SDSU School of Music hosts first on-campus music festival

by Nakia Richardson, Staff Writer

San Diego State’s School of Music and Dance held its first campus music festival from April 17 to April 20.

Pei-Chun Tsai, a violin lecturer at SDSU and a violinist in the San Diego Symphony Orchestra, put on the festival. She said her main goal was to get students to interact more with instrumentalists.

“I’ve been here for eight years, and I used to invite artists to come. Usually they’d come for one hour or two hour and then teach the class and leave,” said Tsai. “And then I thought to myself,  ‘what a waste’ you know, to just come and spend two hours with our students.”

Tsai said she hopes this becomes a recurring event for students. She said it is also beneficial for students who are pursuing higher education and are in need of letters of recommendation.

Instead of the regular hourly visits, the music festival offered several master classes throughout the week for both undergraduate and graduate students. Brooklyn Rider, a well-known musical quartet based in Brooklyn, New York, and clarinet player Kinan Azmeh were among the lecturers.

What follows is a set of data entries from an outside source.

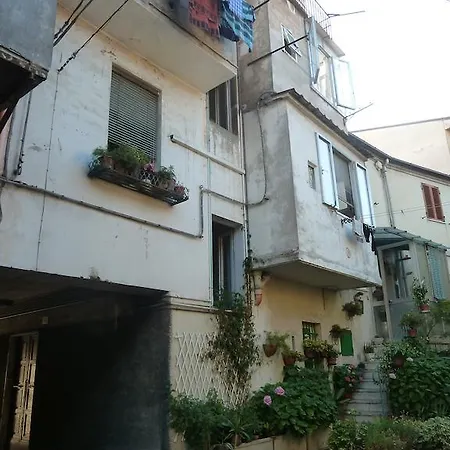 Da Maria Ancona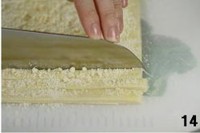 ��������������ͼƬ����14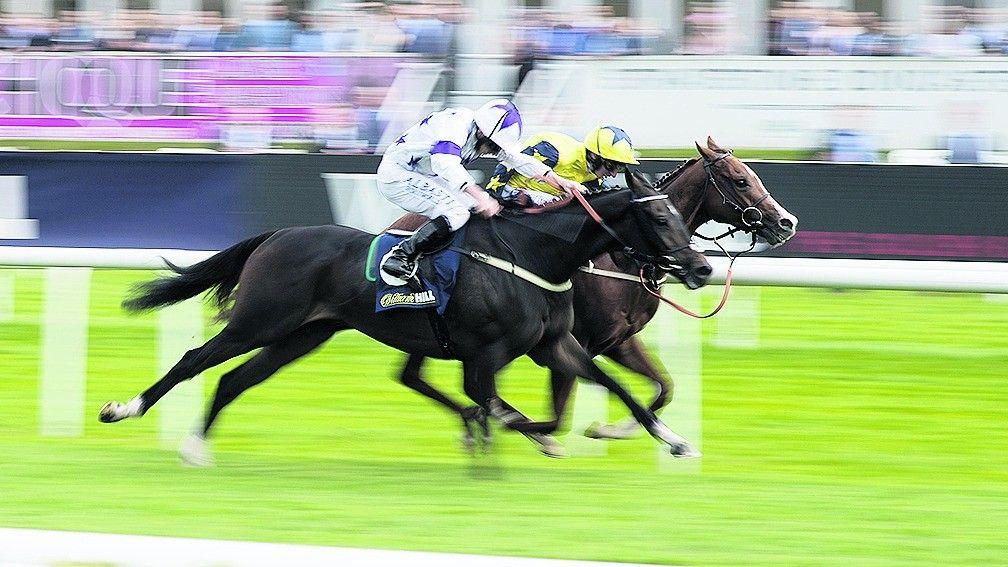 Time To Study (yellow) beats Byron Flyer in the MallardDoncaster 15.9.17 Pic: Edward Whitaker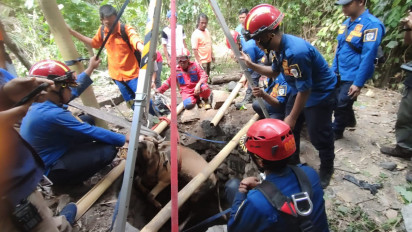 Ngamuk dan Lepas dari Kandang, Sapi Bobot 1,5 Kuintal Masuk Sumur di Klaten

Azmeh, also known to be the first Arab musician to obtain a first prize award in Moscow’s Nicolay Rubinstein International Youth competition, said it’s more than just coming to the school to play and perform. He said it’s about giving back and seeing the impact it has on others.

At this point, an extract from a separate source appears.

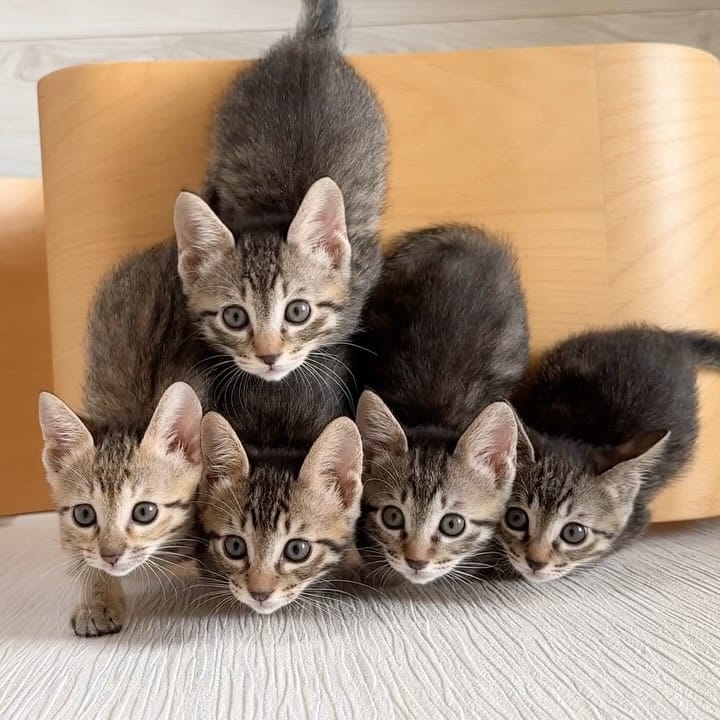 Post 9 by nekodea＊宿と猫 on Instagram (carousel)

“It’s about becoming part of a community, sharing your most intimate feelings with the world basically,” he said. “So especially when you come in a university context, it’s important because you don’t only do the performance, you interact with the students. You try to teach them and help them to get things out. But also in the meantime, you get inspired by the students.”

The final concert, which was hosted on Friday, April 19, included individual and collective pieces played by the quartet and Azmeh. Many students and other members of the San Diego community came to witness the performance.

The first part of the performance featured the quartet performing a piece on healing, derived from inspiration from the story of David and Saul found in the Abrahamic religions. The quartet said they focused on the story of healing and the good and the bad that a person can go through before reaching the end. The second half of the concert were solos performed by Azmeh and two other members of the quartet.

One of the students in attendance was Jasmin Rikard, a third-year music performance major. Rikard said she believes the decision to bring Brooklyn Rider to campus was a worthwhile and smart decision.

“San Diego’s becoming known for its classical music and to have such a large ensemble here in San Diego once a year… it would be really influential,” she said. “To have a group like Brooklyn Rider that plays contemporary pieces and classical pieces with a lot of soul — it’s important.”